In between these periods of excitement were stretches of boredom. On December 20, Sally observed, "I shall hang up my pen till something offers worth relating." Her next entry was not until February. Winter passes uneventfully. As it draws to a close, Sally and a friend go to look over the remains of the nearby army camp, which she describes as "ragged" and "ruinous". She skips from March to May, both for "scarcity of paper" and "hardly anything" of news. With the advancing season come rumors of an imminent evacuation of Philadelphia (and unwanted attention from another officer). On June 19 comes word that the occupying army has left; the Continentals depart in pursuit, and Sally, "think[ing] of nothing but returning to Philadelphia", concludes her journal.

The Wister family returned home to Philadelphia in July 1778, Upon the death of Sally's grandfather, John Wister, in 1789, her father took up residence in the family summer house in Germantown. and Sally Wister lived there the rest of her life.

Although a number of the soldiers noted in the journal did not survive the Revolutionary War, Stoddert did, although "much indispos'd" as of 1780. He returned to Maryland, married a woman named Sally, and died "from the lingering effects of the hardships of camp life" in 1793.

The letters constituting the journal, 48 pages in all, remained at the Wister house until about 1830, years after their author's death. At that time, her brother Charles Wister loaned them to Debby Norris, who was by then Mrs. George Logan of Stenton. The journal as a whole was not widely published until 1902, although excerpts were published earlier or in restricted circulation. The book received favorable reviews, with The New York Times praising the "exhaustive biographical notes" published with it.
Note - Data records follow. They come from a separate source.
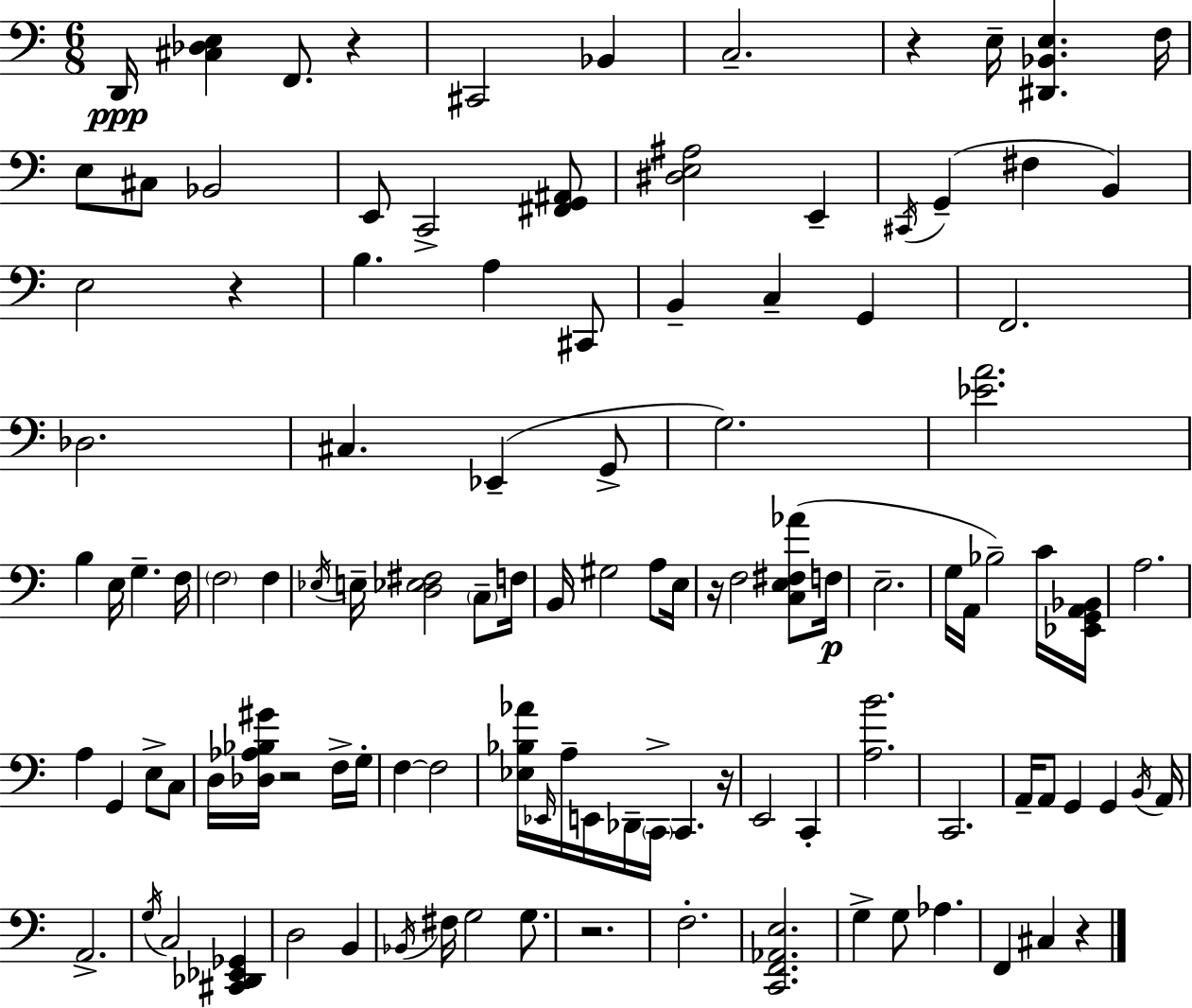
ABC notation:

X:1
T:Untitled
M:6/8
L:1/4
K:C
D,,/4 [^C,_D,E,] F,,/2 z ^C,,2 _B,, C,2 z E,/4 [^D,,_B,,E,] F,/4 E,/2 ^C,/2 _B,,2 E,,/2 C,,2 [^F,,G,,^A,,]/2 [^D,E,^A,]2 E,, ^C,,/4 G,, ^F, B,, E,2 z B, A, ^C,,/2 B,, C, G,, F,,2 _D,2 ^C, _E,, G,,/2 G,2 [_EA]2 B, E,/4 G, F,/4 F,2 F, _E,/4 E,/4 [D,_E,^F,]2 C,/2 F,/4 B,,/4 ^G,2 A,/2 E,/4 z/4 F,2 [C,E,^F,_A]/2 F,/4 E,2 G,/4 A,,/4 _B,2 C/4 [_E,,G,,A,,_B,,]/4 A,2 A, G,, E,/2 C,/2 D,/4 [_D,_A,_B,^G]/4 z2 F,/4 G,/4 F, F,2 [_E,_B,_A]/4 _E,,/4 A,/4 E,,/4 _D,,/4 C,,/4 C,, z/4 E,,2 C,, [A,B]2 C,,2 A,,/4 A,,/2 G,, G,, B,,/4 A,,/4 A,,2 G,/4 C,2 [^C,,_D,,_E,,_G,,] D,2 B,, _B,,/4 ^F,/4 G,2 G,/2 z2 F,2 [C,,F,,_A,,E,]2 G, G,/2 _A, F,, ^C, z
According to The Athenaeum:

There is a charmingly light touch about the journal which makes us regret that Sally never took to novel-writing; she might have been an American Miss Burney.

==Death==
Sally Wister died in Germantown, Pennsylvania, on April 21, 1804. She was more withdrawn in later life and "much occupied with religious matters". As far as is known, she never saw Major Stoddert again, and she died unmarried.

Benjamin Rush noted her death in The Philadelphia Gazette on April 25, 1804, lauding her "prudence, virtue, piety, and eminent acquirements".